韓趙退兵之後,公子罃即位,這位魏罃,就是戰國時代第一個稱王的諸侯——魏惠王了。
魏惠王即位後,非常惱怒韓趙二國的背盟,於是對其發起了瘋狂的報復!
魏惠王元年(公元前369年),魏軍在懷邑(今河南武陟縣西南)擊敗趙軍,殺死公子緩,平定內亂。
魏惠王二年(公元前368年),魏軍在馬陵(今河北大名縣東南十里)擊敗韓軍。
圖:魏國鼎盛時期地圖
三晉不和,正乃齊秦所樂見,於是他們趁機屢屢出師,輪流找魏國麻煩。
魏惠王二年,齊國攻打魏國,奪取觀津(今河南清豐縣南)。
魏惠王五年(前365),秦又敗韓、魏聯軍於洛陰(今陝西大荔縣),並奪取該地。
魏惠王七年(前363年),秦軍又繞過魏國的河西精兵,由韓國借道迂迴,攻入河東地區,結果在石門(今山西運城西南)這個地方大敗河東魏軍,斬首六萬,幾乎將魏國留在南部邊境,用以威懾韓、楚的軍隊斬殺殆盡。幸虧趙國不計前嫌派兵急救魏,方解秦之圍 。
石門一戰,秦軍大敗強魏,周天子特賜黼黻之服(繡有黑、白、青花紋的華服)於秦獻公以示嘉獎,並藉此讓秦國稱霸,以抵擋三晉日益高漲的霸權。
圖:黼黻之服
此戰,魏國大失霸主顏面,已現日落西山之勢,惠王羞怒交集,在朝堂上連罵諸將廢物!
我們看到,魏惠王即位以來,為了保住他岌岌可危的霸位,屢屢向韓趙秦等國用兵,可惜效果極差,不但沒能挽回顏面,反而大傷國力,這一切的原因表面上似乎是缺少良將,其實更主要的原因是其戰略及外交上的重大失誤。
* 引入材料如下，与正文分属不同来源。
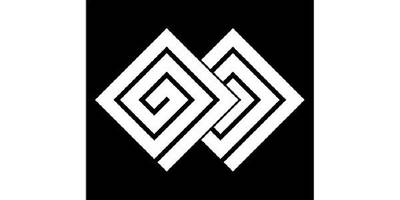 Японский узор 1903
在霸權不甚牢固的情況下,在魏國處在中原腹心這種惡劣的地緣條件下,魏惠王最好的辦法是繼承魏文侯的“近交遠攻”的政策,團結三晉,共同選準一個主攻方向去發展,而不是像魏武侯、魏惠王這樣自毀聯盟,稱王稱霸,四面出擊,到處樹敵。另外,當年秦國雖被吳起折騰的夠嗆,實力遠遜魏國,但畢竟民風彪悍,士兵亦極驍勇,又經獻、孝公兩代國君勵精圖治而發展迅猛,魏若輕開大戰並不划算,最好的辦法與韓趙聯合起來向西持續發動小規模的侵襲,一點一滴的疲之,壓之,拖垮之,蠶食之,最後與韓趙將其瓜分。可以把商於之地分給韓國,讓其防備楚國;把部分上郡讓給趙國,讓他們去抵擋義渠和匈奴;而魏國則獨佔關中的核心區域,如此進可以攻退可以守,不出百年,必能統一天下。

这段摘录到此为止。